### WHAT IS REQUIRED
Omit the pictures. Transcribe exactly the lines below, from the one with "Prabowo Anugerahi Komjen" up to and including the last.

--------------------

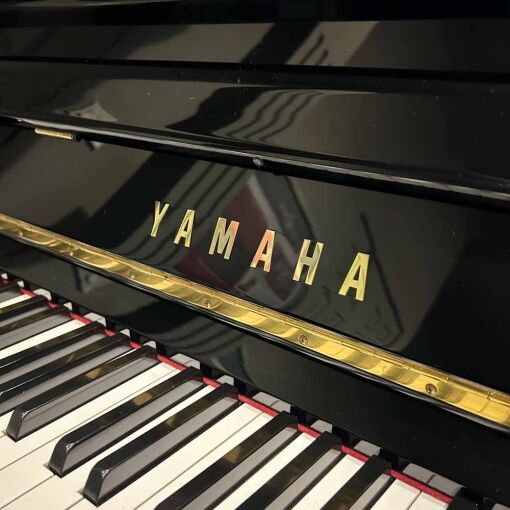Yamaha U10A Front Logo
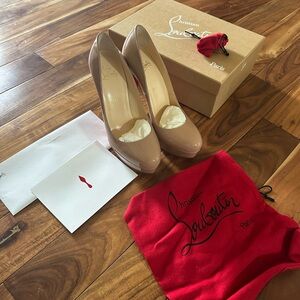 Christian Louboutin Bianca in nude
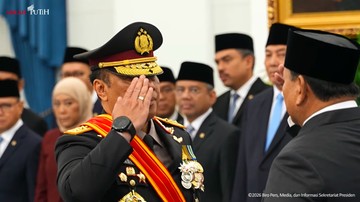 Prabowo Anugerahi Komjen Dedi Tanda Kehormatan Bintang Mahaputera Adipradana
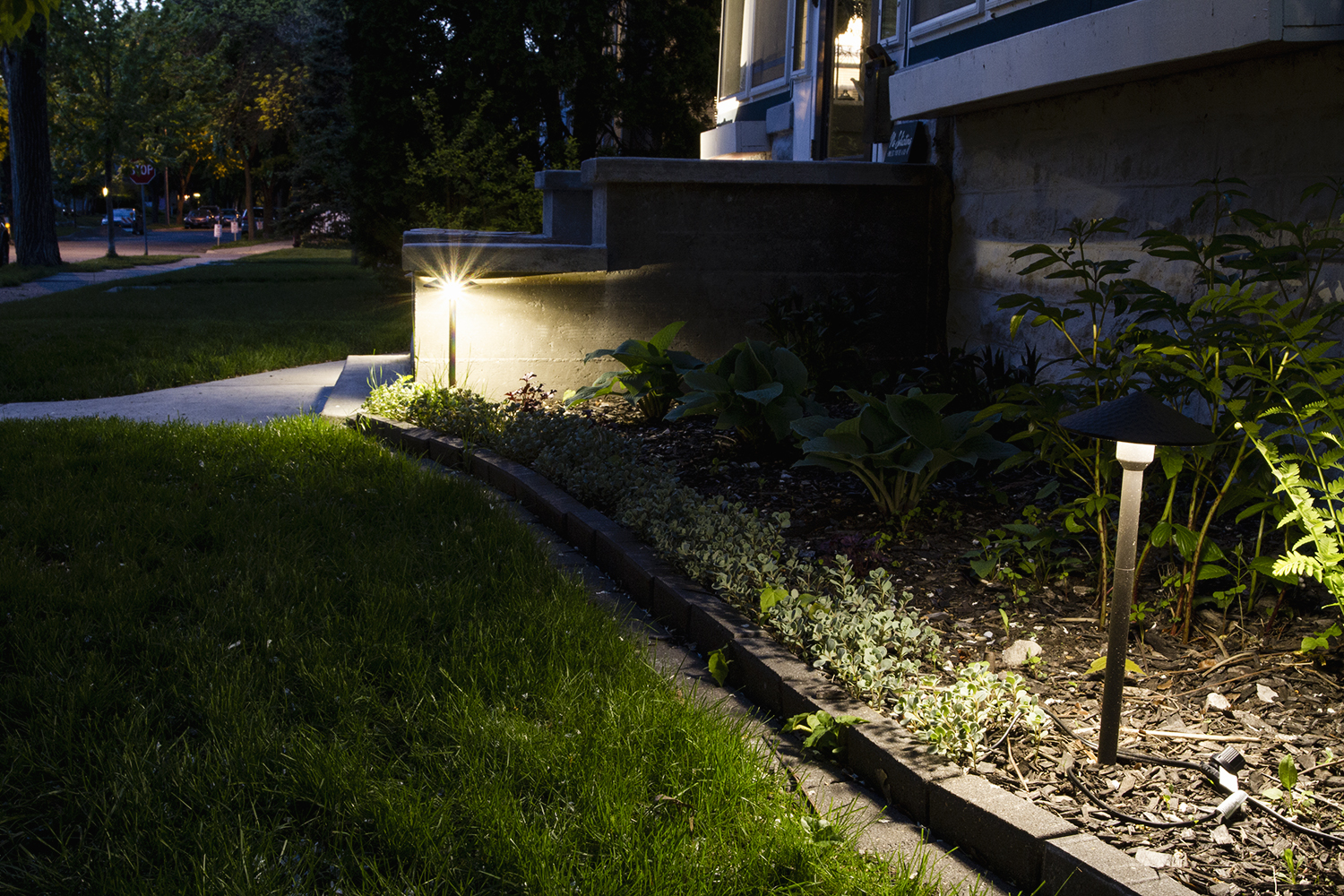 Easy to Install Low Voltage Outdoor Lighting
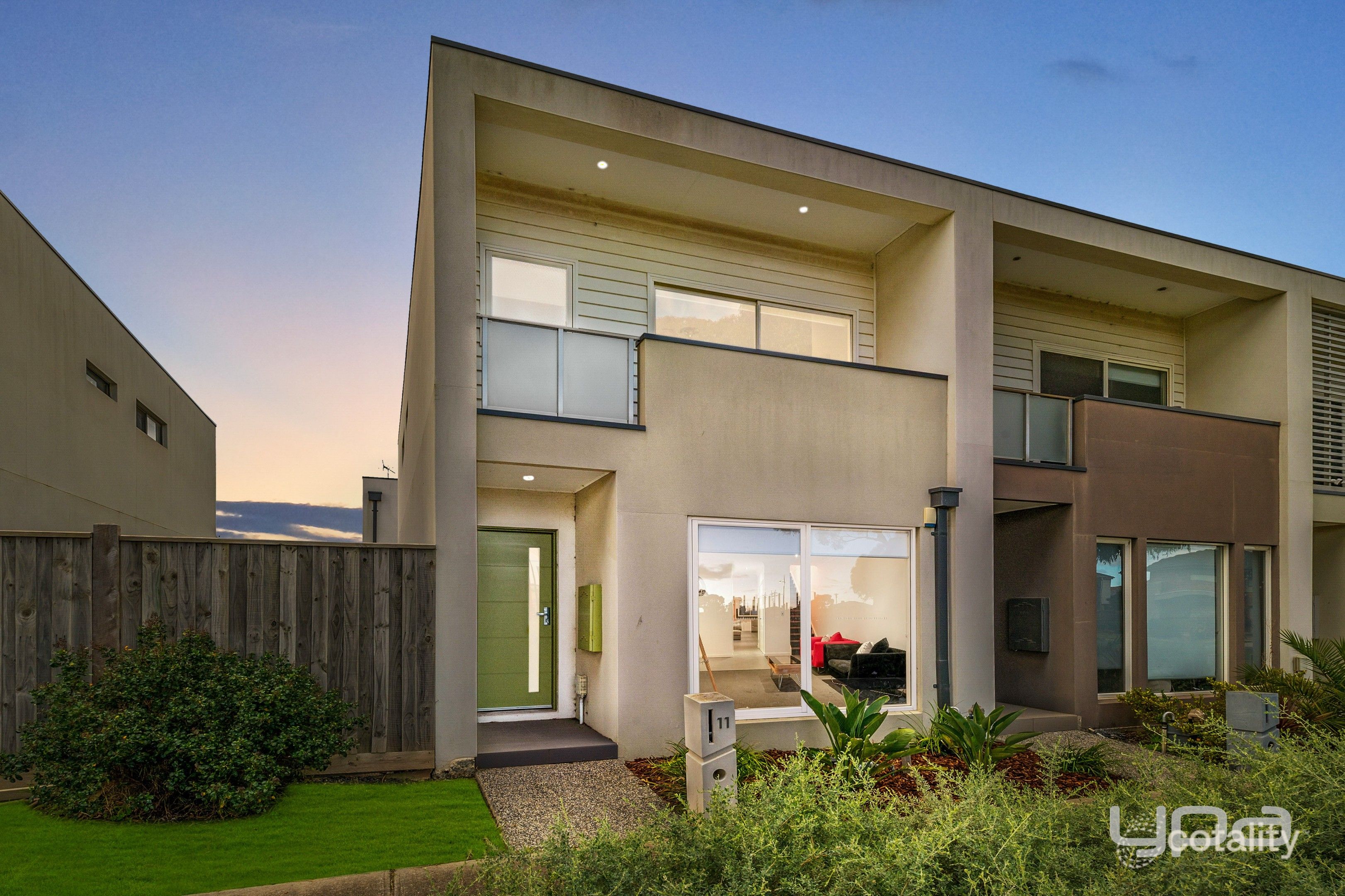 11 Armstrong Walk, Fraser Rise, VIC 3336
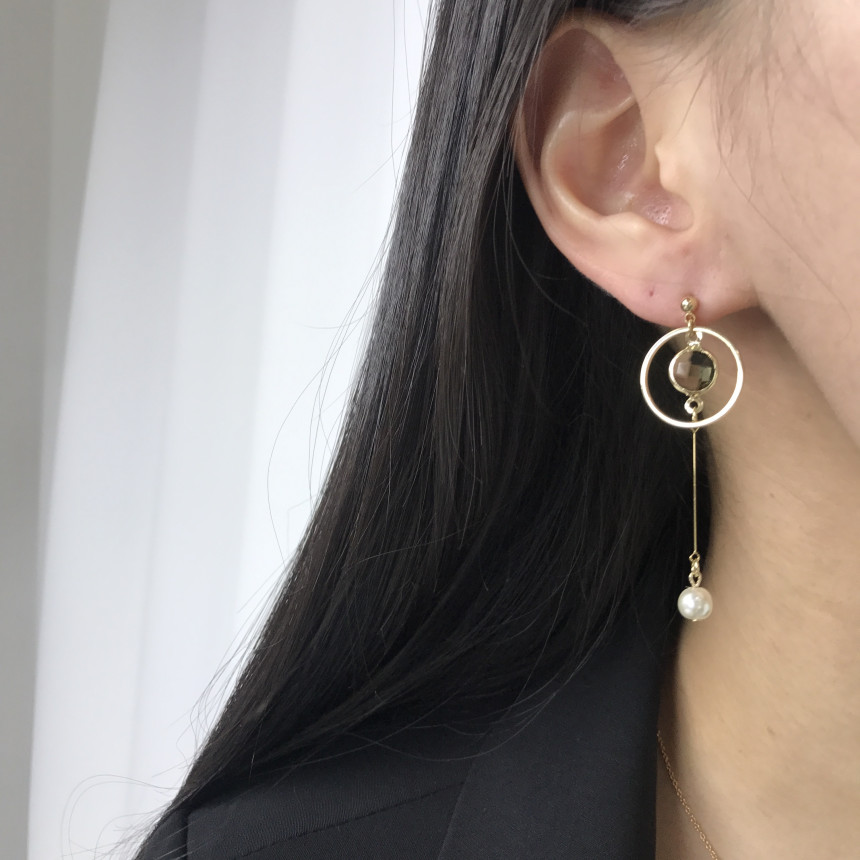 <b><p>natural cryst Modified Dp earring ther-Daughter</p></b><b><p>天然 クリスタル 修正 ドロップ イヤリング 螺鈿 16種 オンバル ツーウェイ</p></b><br /><br /><p align='center'>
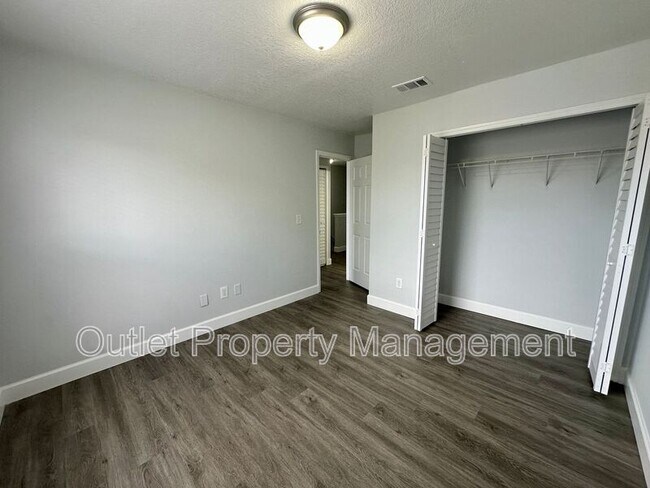 Building Photo - 6291 Arlington Ct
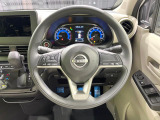 インテリアに合わせたデザインのステアリングは、運転される方のことも考え、運転しやすい形状、大きさです。是非一度、実際に触ってお確かめください。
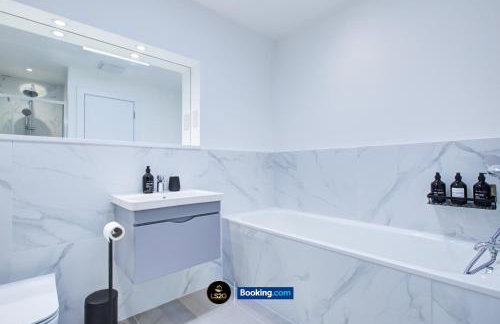 2-Bed Apartment with Balcony in Acton, by LS2G Stays - Foto 12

--------------------

### TASK SOLUTION
 Prabowo Anugerahi Komjen Dedi Tanda Kehormatan Bintang Mahaputera Adipradana
 Easy to Install Low Voltage Outdoor Lighting
 11 Armstrong Walk, Fraser Rise, VIC 3336
 <b><p>natural cryst Modified Dp earring ther-Daughter</p></b><b><p>天然 クリスタル 修正 ドロップ イヤリング 螺鈿 16種 オンバル ツーウェイ</p></b><br /><br /><p align='center'>
 Building Photo - 6291 Arlington Ct
 インテリアに合わせたデザインのステアリングは、運転される方のことも考え、運転しやすい形状、大きさです。是非一度、実際に触ってお確かめください。
 2-Bed Apartment with Balcony in Acton, by LS2G Stays - Foto 12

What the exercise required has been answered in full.